_Your assignment:_
Set down the data below exactly; pictures stay out.

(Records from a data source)
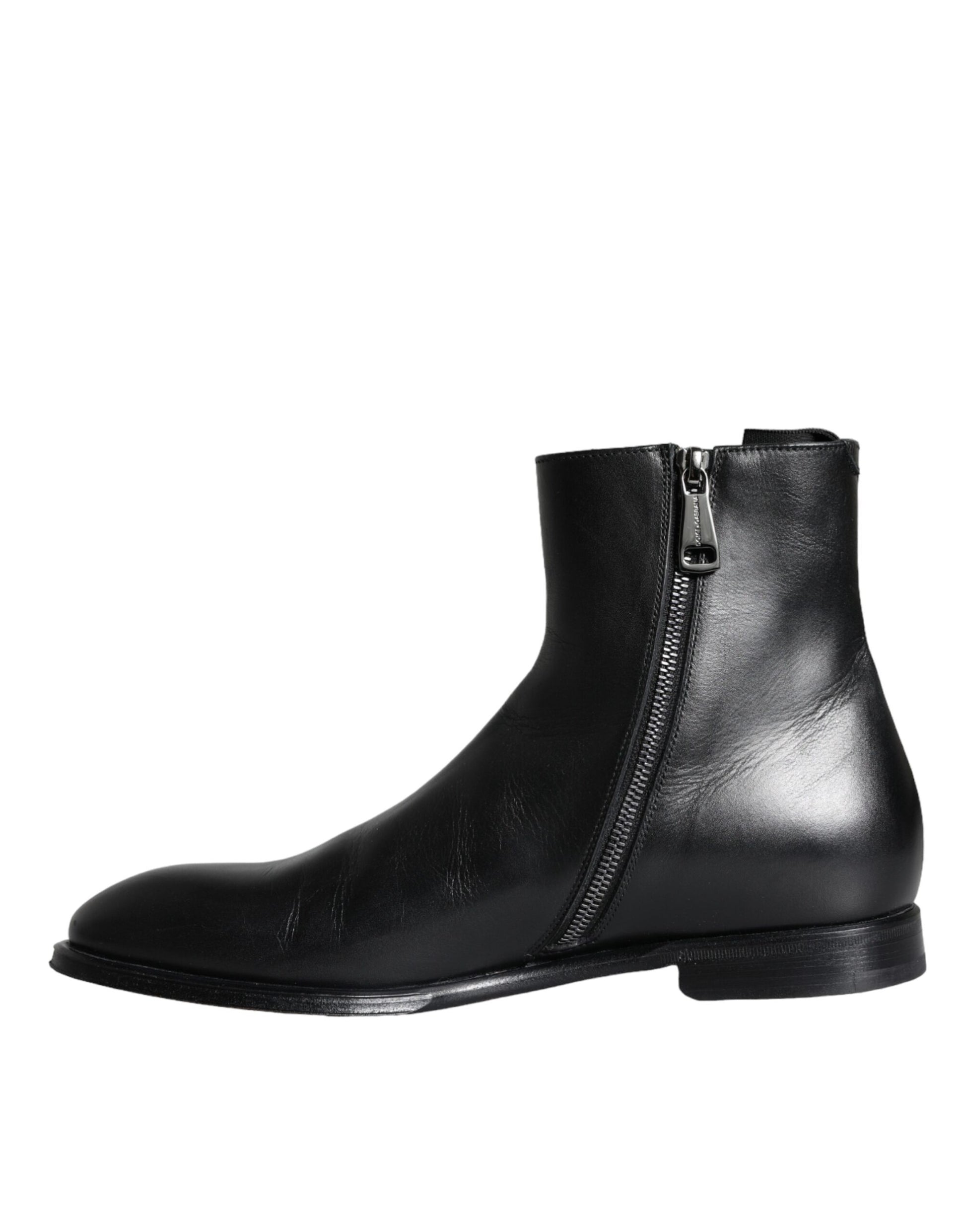 Botines de piel de becerro negros para hombre Zapatos para hombre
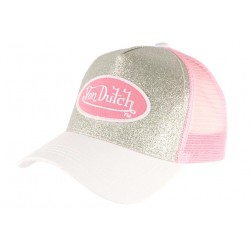 Casquette Von Dutch Grise Argent et Rose Flakes Baseball Trucker Fashion CASQUETTES VON DUTCH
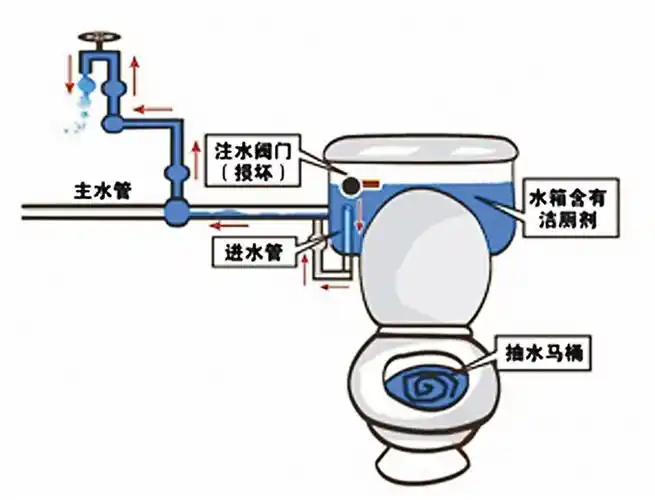 南京每年都会发生几起加了洁厕块的蓝色马桶水倒流进自来水管的事件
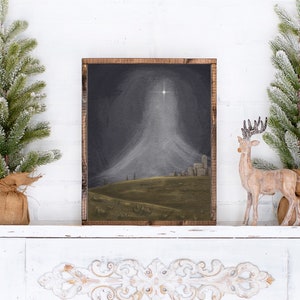 Nativity Art, Christian Christmas Art, Town of Bethlehem Art Print,Nativity Scene Art, Bethlehem Art, Bethlehem Painting, Bethlehem Scenery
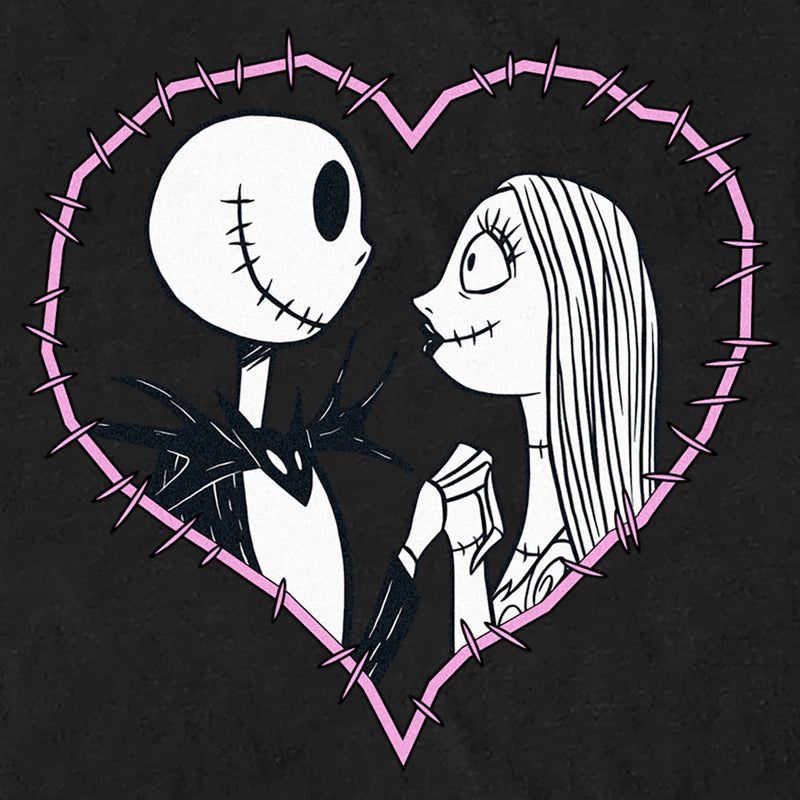 Men's The Nightmare Before Christmas Jack and Sally Pink Heart Stitch T-Shirt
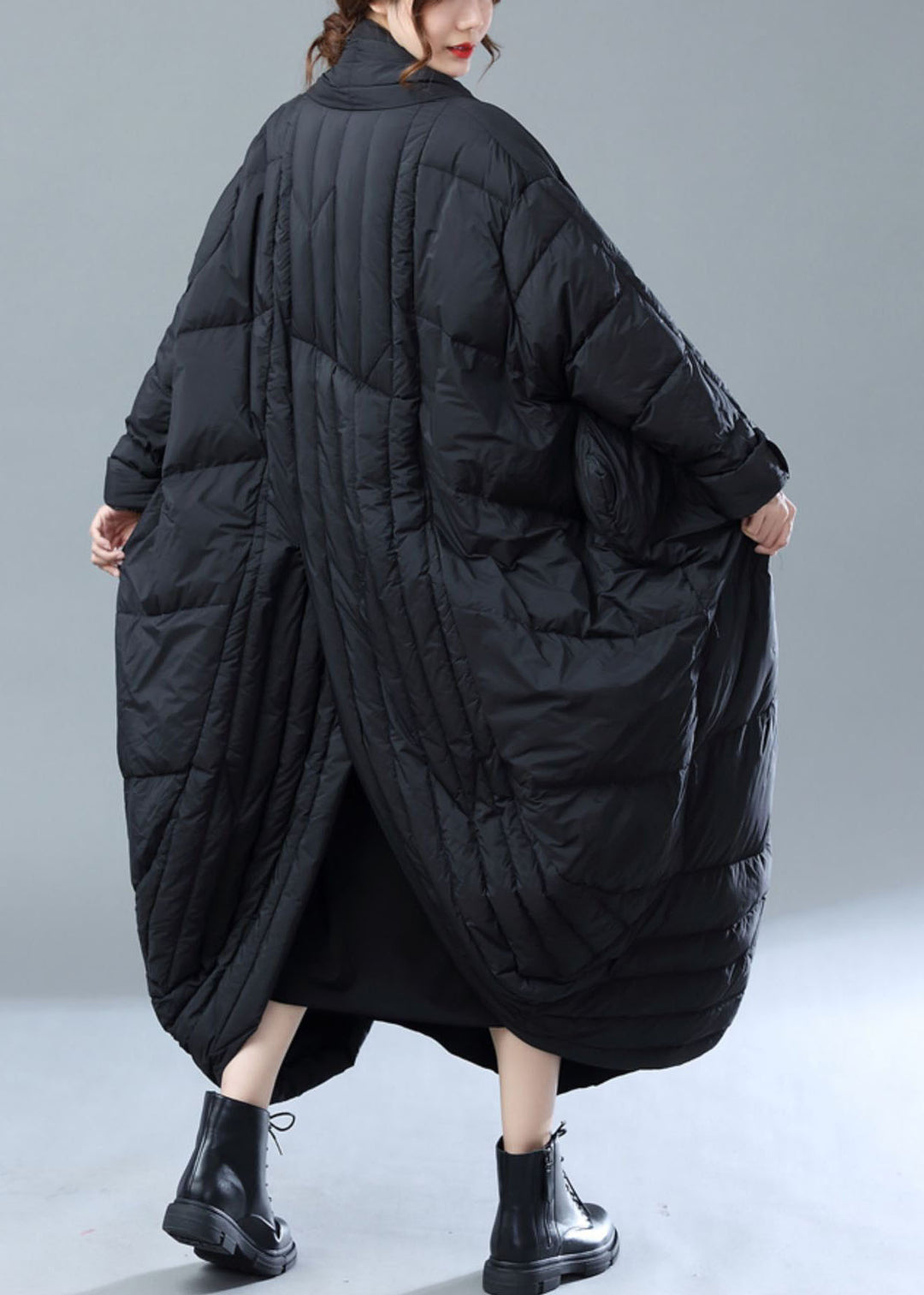 French Black Oversized Pockets Duck Down Witner Coat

_Answer to the problem:_
 Botines de piel de becerro negros para hombre Zapatos para hombre
 Casquette Von Dutch Grise Argent et Rose Flakes Baseball Trucker Fashion CASQUETTES VON DUTCH
 南京每年都会发生几起加了洁厕块的蓝色马桶水倒流进自来水管的事件
 Nativity Art, Christian Christmas Art, Town of Bethlehem Art Print,Nativity Scene Art, Bethlehem Art, Bethlehem Painting, Bethlehem Scenery
 Men's The Nightmare Before Christmas Jack and Sally Pink Heart Stitch T-Shirt
 French Black Oversized Pockets Duck Down Witner Coat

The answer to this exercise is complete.